* What is being asked
Nothing but the lines from the one with "Rơ le áp lực Danfoss KP36" through the last line of the entries below should appear in the copy, please, and no pictures.
====== Task data
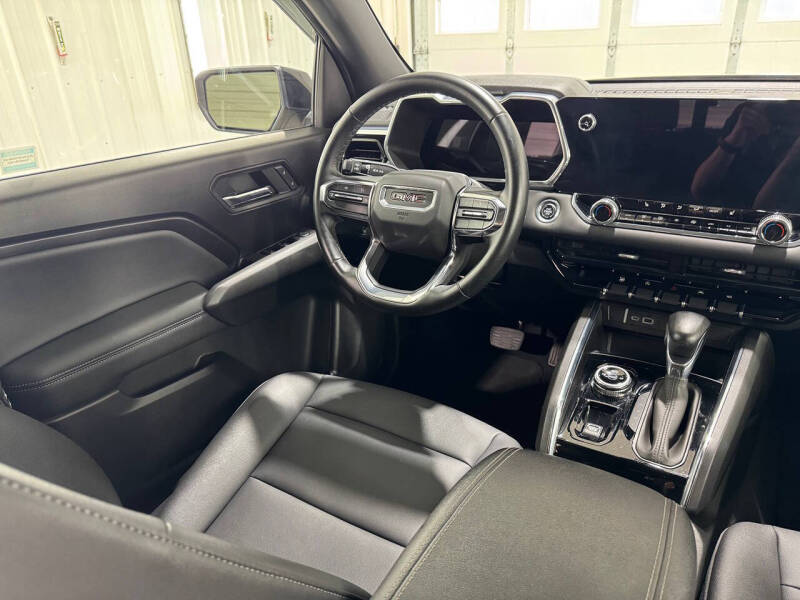 2024 GMC Canyon Elevation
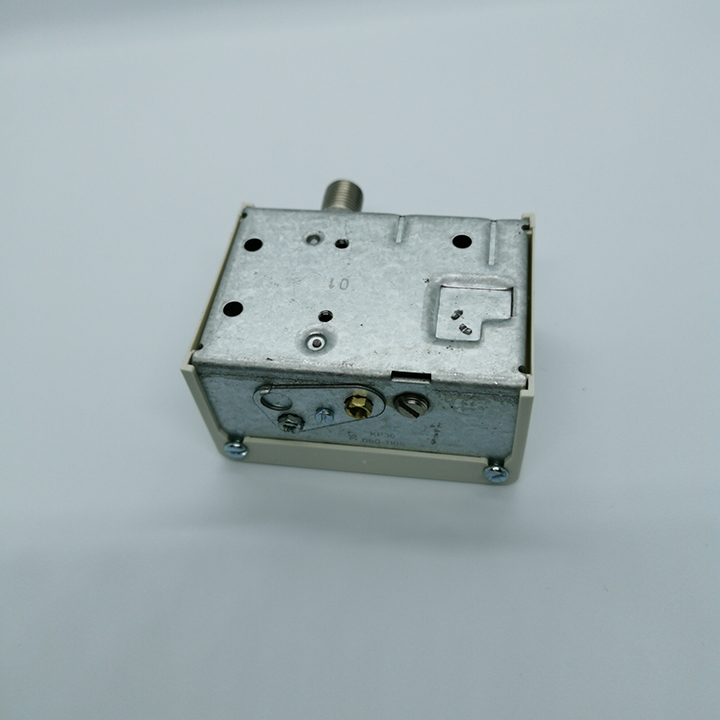Rơ le áp lực Danfoss KP36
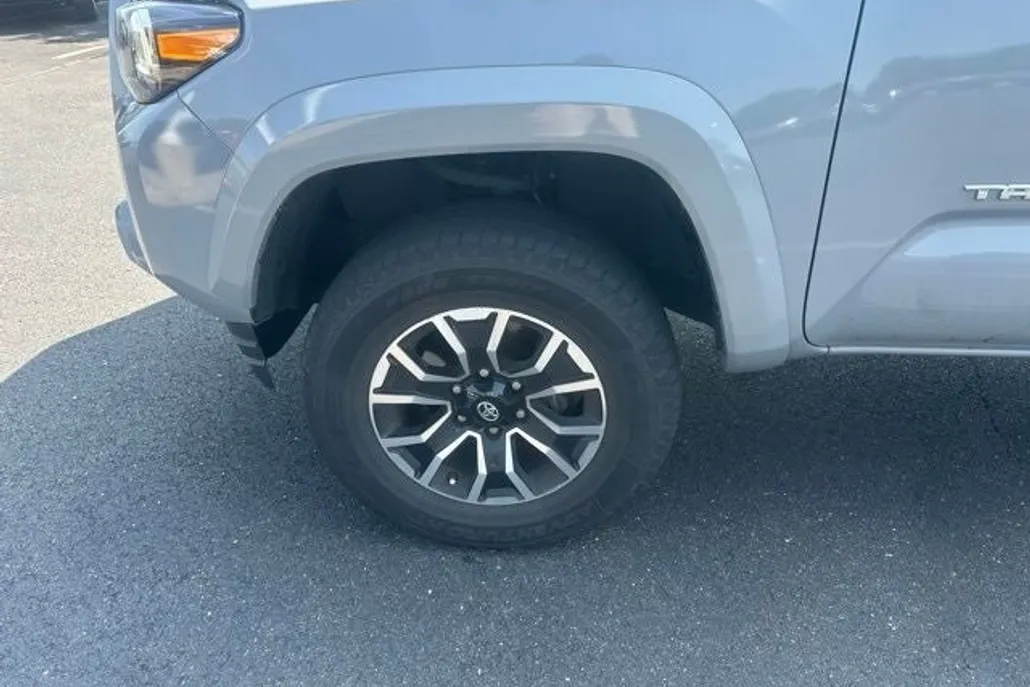 2020 Toyota Tacoma TRD Sport 4x4 photo 1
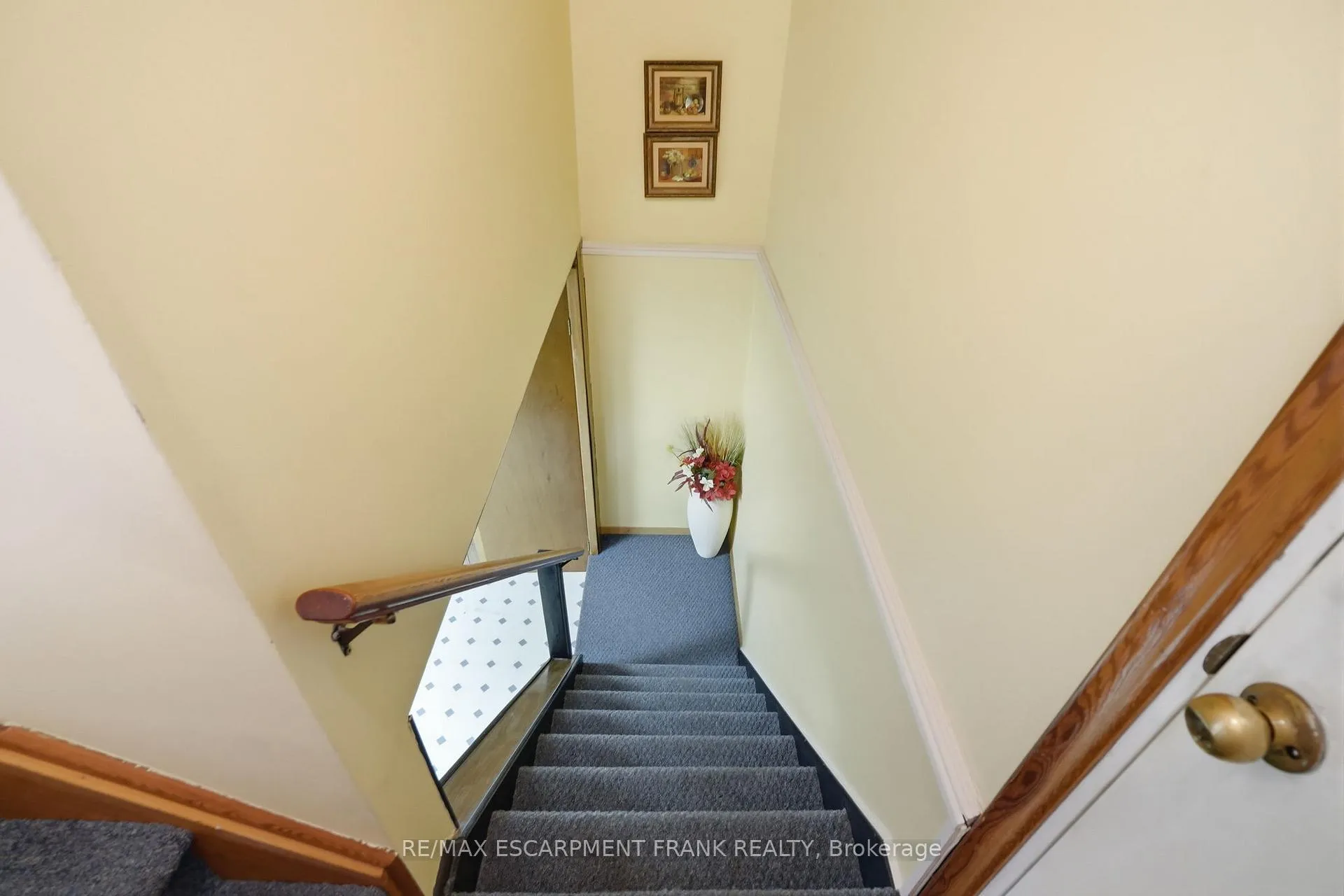 Photo 29 of 2 Deerborn Drive, Hamilton, Thorner — HOMEH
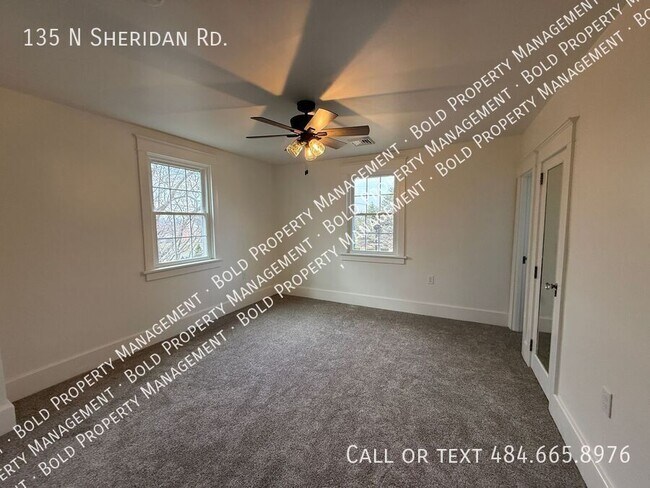 Building Photo - 135 N Sheridan Rd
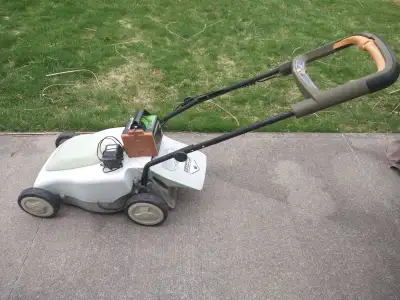 Battery lawnmower, View more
============
* Written solution
Rơ le áp lực Danfoss KP36
 2020 Toyota Tacoma TRD Sport 4x4 photo 1
 Photo 29 of 2 Deerborn Drive, Hamilton, Thorner — HOMEH
 Building Photo - 135 N Sheridan Rd
 Battery lawnmower, View more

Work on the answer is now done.